Na esteira essencial de Safo, Juvenal e Marcial, este livro de poemas eróticos poderia ser uma cartilha do pensar, querer e ter, onde os sujeitos (máquinas desejantes) aplacariam dores e desamores, que desembocaria no “amor total” de certos trovadores provençais e monges goliardos.

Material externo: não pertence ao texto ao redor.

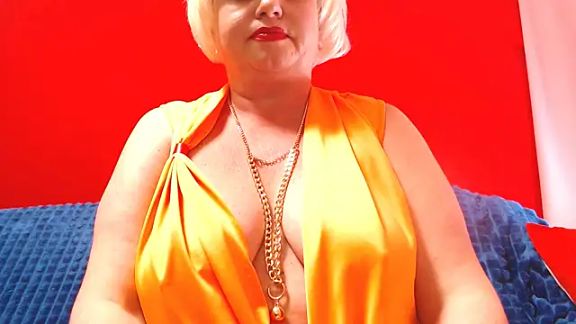 NaughtyMILF4UX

Assim, a ascensão espiritual (“anjo indo ao céu; aos gritos...”) só pode ser alcançada, ao contrário do Cristianismo mais ortodoxo, por meio da matéria, no caso o corpo do(a) outro(a), como em “de vera oramos se ouvimos sinos,/ e sinuosos à solar espanto nos insinuamos”. Do antro mais fétido de uma taberna medieval ao cume do monte mais sagrado, o corpo da escrita (ela, fêmea indômita) é passeada, usada e abusada para o bem dos desejos humanos, que também é equino: “Eis aqui o cavalo!”, elemento quase onipresente nos quadros do poeta, que já é anunciado na Apresentação do livro: “[...] aos relinchos uníssonos dos nossos cavalos. Cá me valho disto para dizer-vos [...]”.

Herdeiro de todas as farras e excessos, o poeta escolhe o mundo dionisíaco e seu catecismo ultra hedonista, contrário à razão apolínea, e pinta com água-forte cenas menos sutis e mais picantes, com pitadas à mão-cheia de todas as pimentas da Ásia. É desse jeito que “Lídia” – a musa árcade dos prazeres contidos apenas na ideia de beleza sugerida pelos versos à vida natural de bosques e rios de um Tomaz Antônio Gonzaga, ou mesmo de um Bocage neoclássico – é subvertida em uma rameira insaciável, que se desfaz de suas purezas e encara a vida crua e... nua; uma vida fácil, mas difícil de ser alcançada (e esse é um ensinamento do Catecismo em que se torna A Libido de Érato), de quem tem o que deseja: “comemoravas a gozos com teu/ centésimo marido”. É assim também que a Deusa do Amor é cortejada: “Bebe vinho, Afrodite! A flor de ti? Acredite;/ perfuma o mar”. A crença na embriaguez é tamanha que, em outro poema, vê-se o avanço para o laço a seguir: “É divino o odor de vinho/ em teu hálito de Vênus, eu o respiro”. Assim, Joãozinho Gomes consegue ensinar aos incautos a felicidade básica, que depende do entendimento físico e anímico dos desejos: bebida e comida à vontade, o que não quer dizer propriamente um desperdício, mas simplesmente a valorização estética da língua poética, pelo corpo da linguagem, que não seria outra coisa senão se fazer verbo.

E na sua República feita somente de pele, onde pastam todo tipo de gado, desde vacas, novilhas e touros, até cavalos, cabras e bois; na sua Utopia bordada olimpicamente, onde habitam deuses e seres mitológicos, como Quíron, Dioniso (Baco), Circe e Vênus (Afrodite); na sua Atlântida líquida e orgástica, onde as musas descem de seu pedestal à vida bestial, como fazem Lídia, Ifigênia e Gioconda; na sua jaula viscosa, onde rastejam lesmas, mambas, jias e lagartixas – o poeta, ao escrever A Libido de Érato, descreve a si mesmo e a nós, Shakespeares, Monets e Lears, Bachs, Artauds e Athos, como ele e todos nós, prestes a sacar das penas e dos soldos para inscrever com estilo uma estocada que marque a foda, amor que pica, que bate e que fica.


[1] Prof. Dr. de Literatura Portuguesa no Curso de Letras da Universidade Federal do Amapá, e no Programa de Pós-Graduação Mestrado em Desenvolvimento Regional, na mesma Universidade.